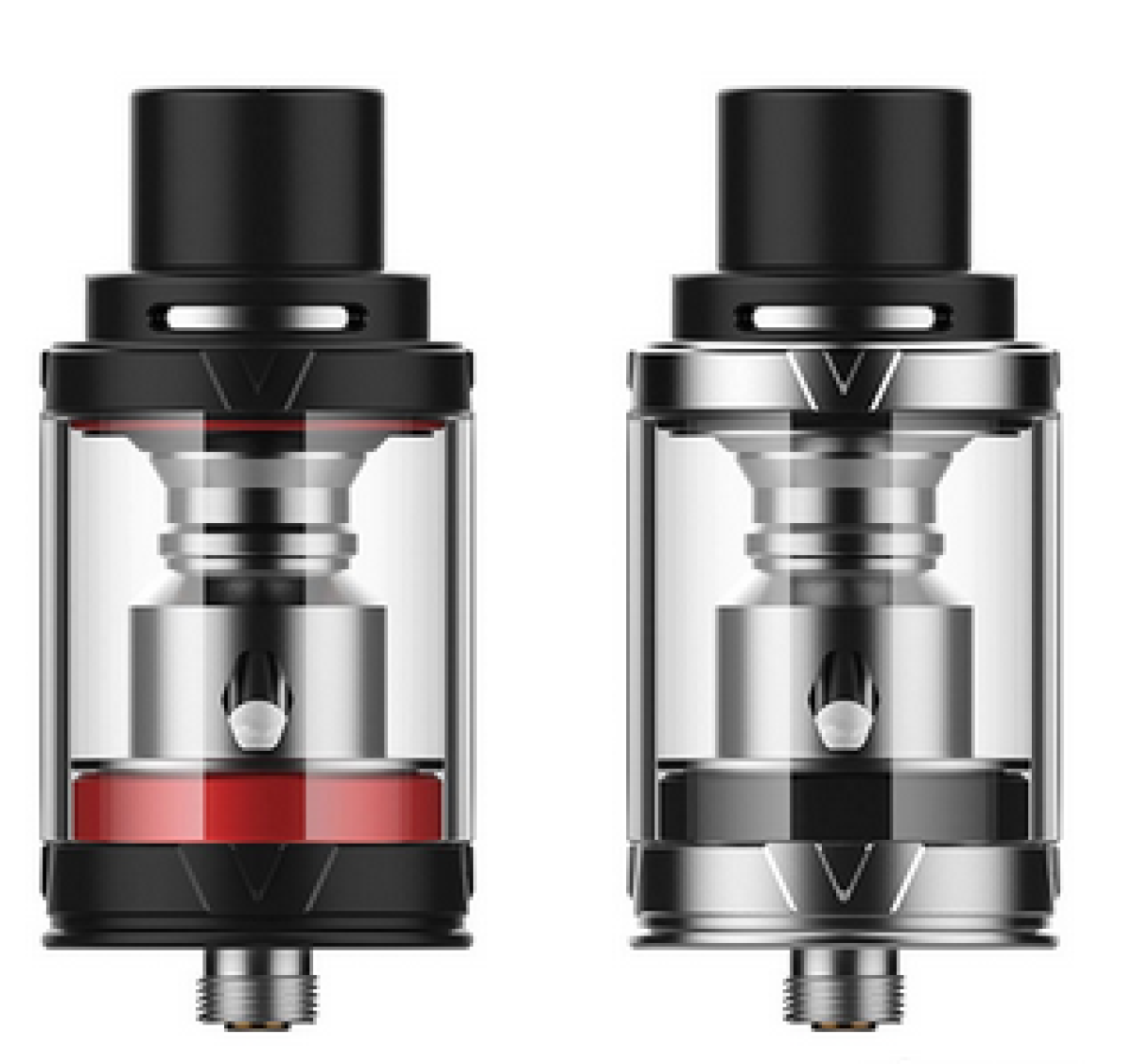 Vaporesso Veco Plus Tank 4ml, 24.5mm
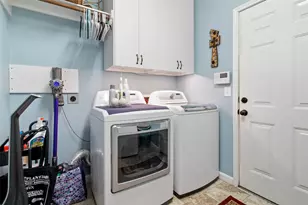 18722 Atasca S Dr, Humble, TX 77346 - Photo 27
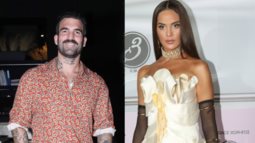 Το τρυφερο σχολιο του Δημητρη Αλεξανδρου σε αναρτηση της Ριας Ελληνιδου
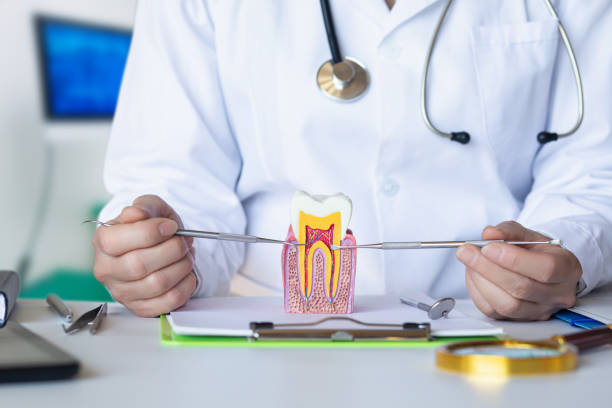 Best Emergency Dental Care for Sports Injuries in Syosset, NY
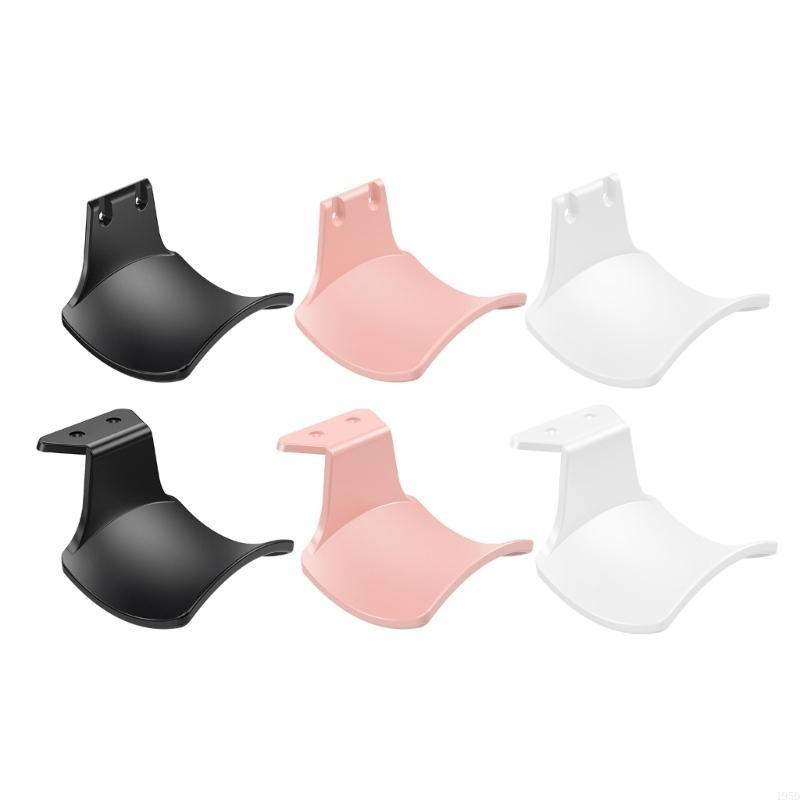 Support rangement support pour - Desk Setup Headphones avis et prix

**PROBLEM REQUIREMENTS:**
Produce an exact reprint of the entries, dropping the images.

**RESPONSE AREA:**
 Vaporesso Veco Plus Tank 4ml, 24.5mm
 18722 Atasca S Dr, Humble, TX 77346 - Photo 27
 Το τρυφερο σχολιο του Δημητρη Αλεξανδρου σε αναρτηση της Ριας Ελληνιδου
 Best Emergency Dental Care for Sports Injuries in Syosset, NY
 Support rangement support pour - Desk Setup Headphones avis et prix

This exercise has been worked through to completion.